2. Materials and methods
2.1. Cell origin and culture
PC12 cells used in this study were purchased from the Chinese Academy of Science Cell Bank (TCR9, China). The cells were cultured in Dulbecco’s Modified Eagle Medium supplemented with 10% fetal bovine serum and 1% penicillin and streptomycin, and incubated at 37°C in a 5% CO2 and 95% O2 atmosphere. The PC12 cells were subcultured, and the culture medium was refreshed every 48 to 72 hours. Finally, the cells used for the subsequent experiments were in the logarithmic growth phase.
2.2. Cell OGD/R model
Before oxygen-glucose deprivation treatment, the culture medium was replaced with glucose-free DMEM and incubated in a 5% CO2 and 95% N2 atmosphere at 37°C for 4 hours. Subsequently, the cells were returned to a normal medium containing glucose and incubated in an atmosphere with O2 for 24 hours of reoxygenation,[19] cell morphology was examined using the inverted microscope (ZEISS, Germany).
2.3. Bmal1 overexpression lentivirus vector infection
The lentiviral vectors for Bmal1 overexpression and NC were constructed by Hanbio Biotechnology Co., Ltd. (China). All procedures were conducted following the manufacturer’s instructions. In summary, PC12 cells were prepared as a suspension and inoculated into a 6-well plate at a density of 6–8 × 104 cells per well for 24 to 36 hours. Once the cells reached a density of 40% to 50%, an appropriate volume of the lentivirus infection reagent was added to the culture medium according to MOI = 30. After 24 hours, the medium was replaced with a complete medium. Transfection efficiency was assessed 72 hours post-transfection by measuring the expression of green fluorescent protein. Subsequently, the PC12 cells were subcultured in a medium containing 2 ng/mL puromycin for 7 days, achieving a transfection efficiency exceeding 95%. Untreated PC12 cells served as the blank control groups. The transfection efficiency was then evaluated using Western blotting and real-time quantitative polymerase chain reaction.
2.4. Western blotting
Cell proteins from each group were extracted following the instructions of the Enhanced Ripa cracking liquid (ApplyGEN, China), which contains PMSF (CWBIO, China). Protein concentration was measured using a BCA protein Quantitation Kit (Elabscience, China). After adding the loading buffer (CWBIO, China), the mixtures were denatured at 100°C for 20 minutes. A 10 μL of protein were loaded per lane separated using a 10% sodium dodecyl sulfate-polyacrylamide gel, then transferred to a 0.45 mm PVDF membrane (Millipore, China). The membrane was blocked with a 5% skimmed milk solution for 1 hour at room temperature and then incubated overnight at 4°C with specific antibodies. The primary antibodies used were anti-Bmal1 (Abcam, 1:2000), anti-Nrf2 (Proteintech, 1:5000), anti- HO-1 (Proteintech, 1:5000), anti-cysteine-dependent aspartate-directed protease 3 (anti-Caspase-3) (Proteintech, 1:2000), anti-Bcl-2 (Proteintech, 1:3000), BCL2-Associated X (Bax; Proteintech, 1:10000), and anti-β-actin (Proteintech, 1:8000). On the second day, the membrane was incubated with anti-rabbit horseradish peroxidase- (HRP-) conjugated secondary antibodies (Elabscience, China) for an additional 1.5 hours at room temperature. Signal detection was performed using the Efficient Chemiluminescence Kit (GEN-VIEW, China), and results were recorded with the Bio-Rad ChemiDoc MP Gel Imaging System. The band density of specific proteins was quantified after normalization to the density of β-actin.

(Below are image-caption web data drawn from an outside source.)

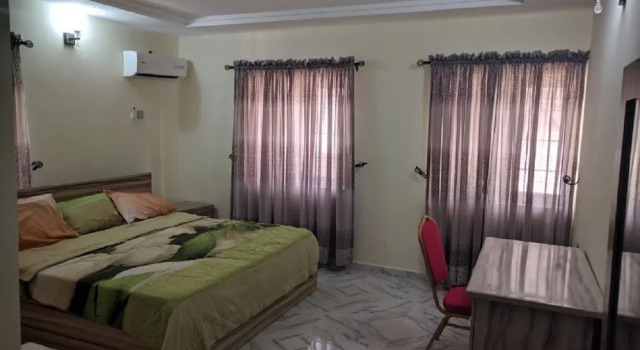 Номер Executive Crown Apartments Extended Stay Suites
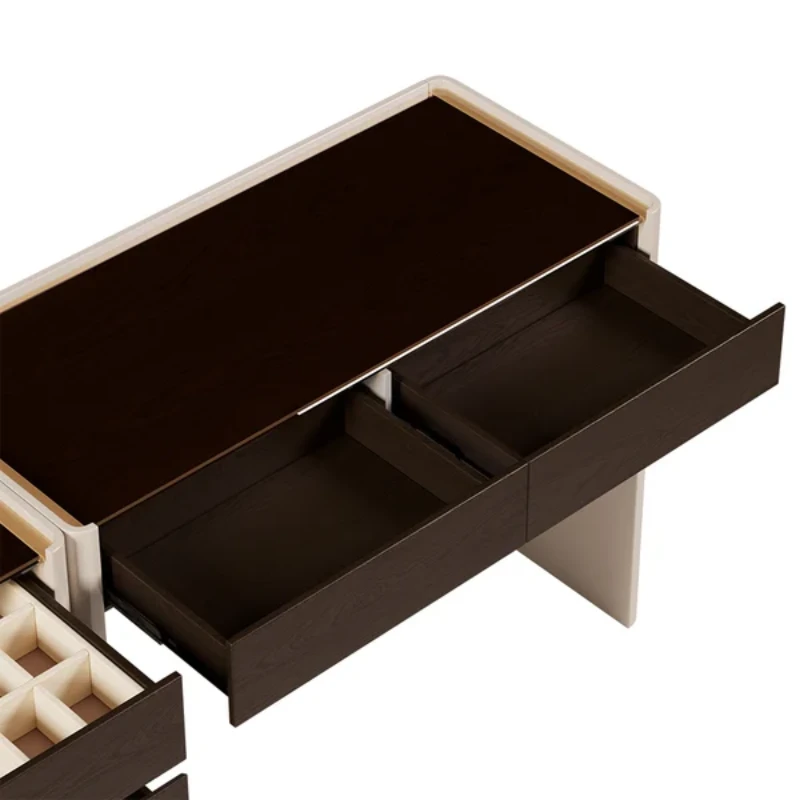 Picture of Dilma Dresser - 5 drawers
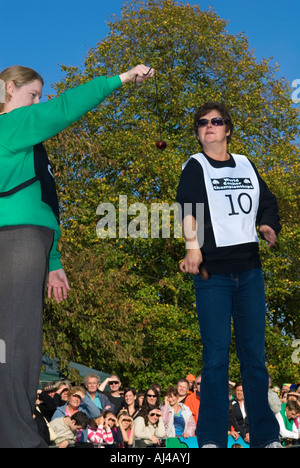 Ladies World Conker Championships Finale Ashton 2007 Stockfoto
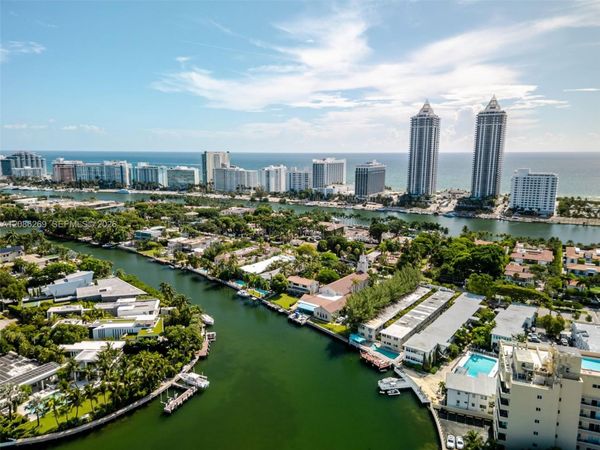 4740 Pine Tree Dr , Unit 20, Miami Beach, FL 33140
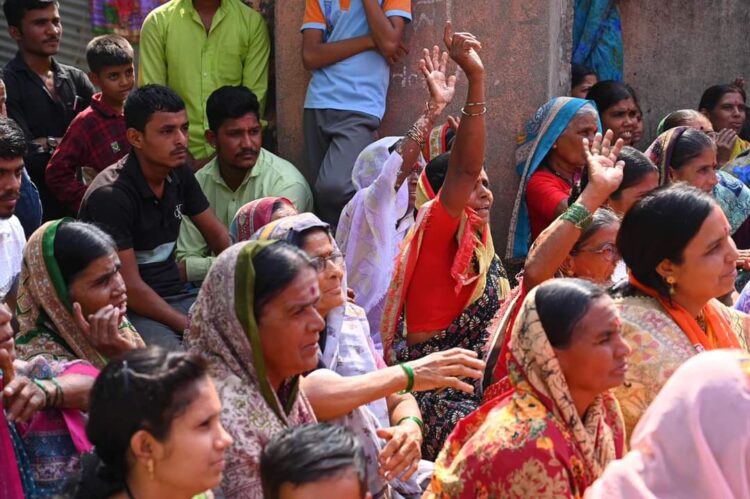 आमदार राम सातपुते आणि माजी मंत्री आमदार सुभाष देशमुख यांचा दक्षिण सोलापूरमध्ये झंजावाती दौरा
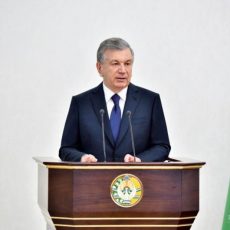 Шавкат Мирзиёев о Мактаарале: Мы очень сожалеем, что населенные пункты и посевы были повреждены Шавкат Мирзиёев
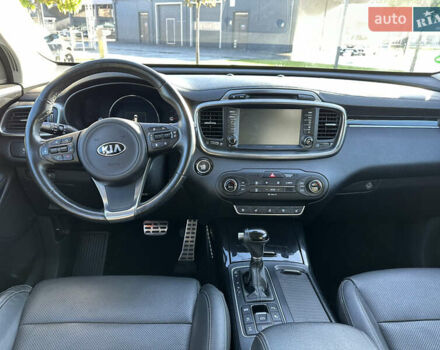 Белый Киа Соренто, объемом двигателя 2.2 л и пробегом 206 тыс. км за 22500 $, фото 26 на Automoto.ua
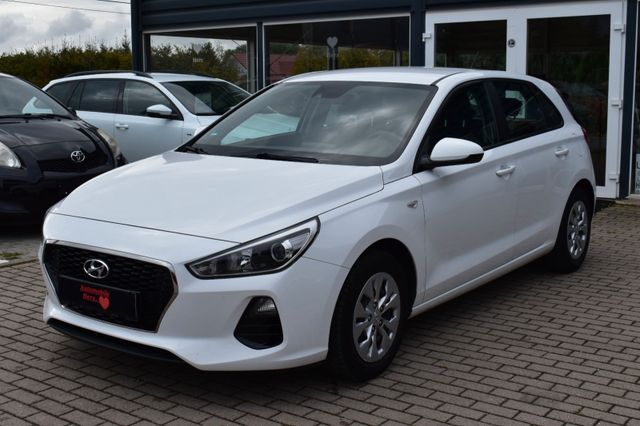 Hyundai i30/GARANTIE/Spurhalte/Facelift/TÜV NEU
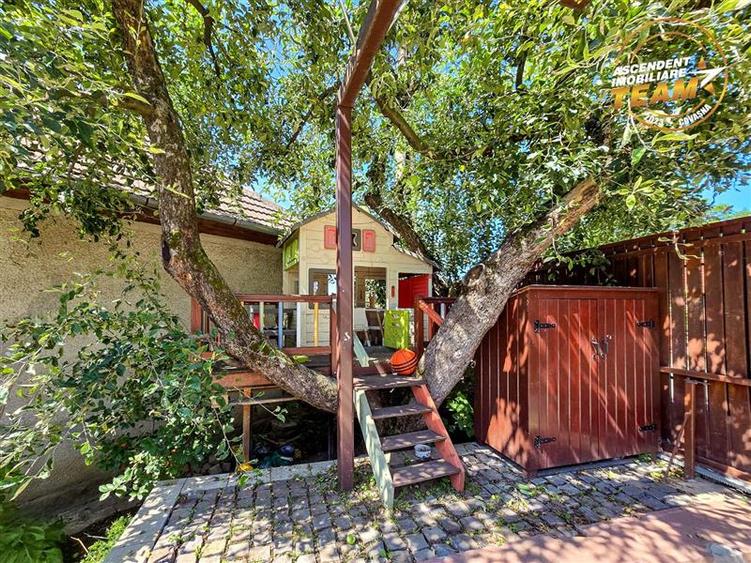 Casă individuală cu 7 camere cu Canalizare în Exterior Est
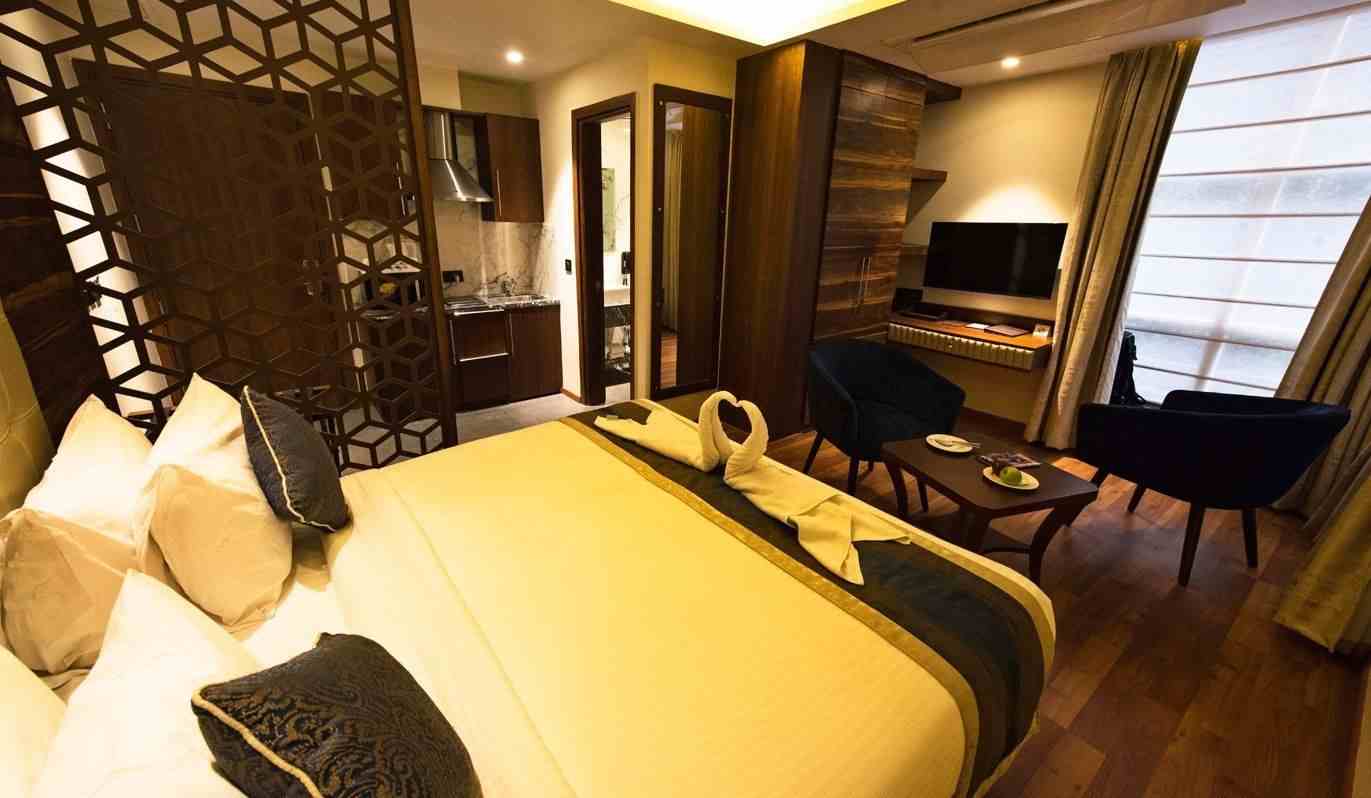 Best Hotel near me in Delhi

2.5. Real-time quantitative polymerase chain reaction
Total RNA was extracted from each group using the Ultra-Pure Total RNA Extraction Kit (SimGen,China). Reverse transcription was performed using a reverse transcription kit (Novoprotein,China). Quantitative reverse transcription polymerase chain reaction was conducted using the CFX96Touch (Bio-Rad, USA) following the manufacturer’s protocol. The mRNA levels of each target gene were normalized to β-actin. The primers used are provided in Table 1. The reaction conditions included 40 cycles at 95°C for 90 seconds, 95°C for 10 seconds, and 60°C for 30 seconds. The relative expression levels of the desired gene was analyzed using the 2−ΔΔCt method.
| Name | Forward primer sequence(5'-3') | Reverse primer sequence(5'-3') |
|---|---|---|
| Bmal1 | AGGCCTTCATTGCACCTTCC | ATTTTGTCCCGACGCCTCTT |
| β-Actin | CACCCGCGAGTACAACCTTC | CCCATACCCACCATCACACC |
2.6. ELISA assays
The levels of interleukin-1β (IL-1β), interleukin-6 (IL-6; CSB-E04640r, CSB-E08055r, Cusabio, China) in the supernatants of each cell group were measured using ELISA. The optical density values of the samples at 450 nm were determined using the standard curve. The concentrations of the inflammatory factors in each sample were determined using a standard curve.
2.7. Flow cytometry
PC12 cells groups were collected, and the concentration was adjusted to 3 × 105 cells/ml using PBS. Subsequently, 200 μL of AnnexinV-APC staining solution (C1062, Beyotime, China) was added to 1 mL of the cell suspension, followed by the addition and mixing of 20 μL of propidium iodide staining solution. Cells were analyzed using flow cytometry (CytoFLEX AW39253, Beckman, Brea) and counted according to the following formula, apoptotic index apoptotic cells = number/total number of cells detected × 100%.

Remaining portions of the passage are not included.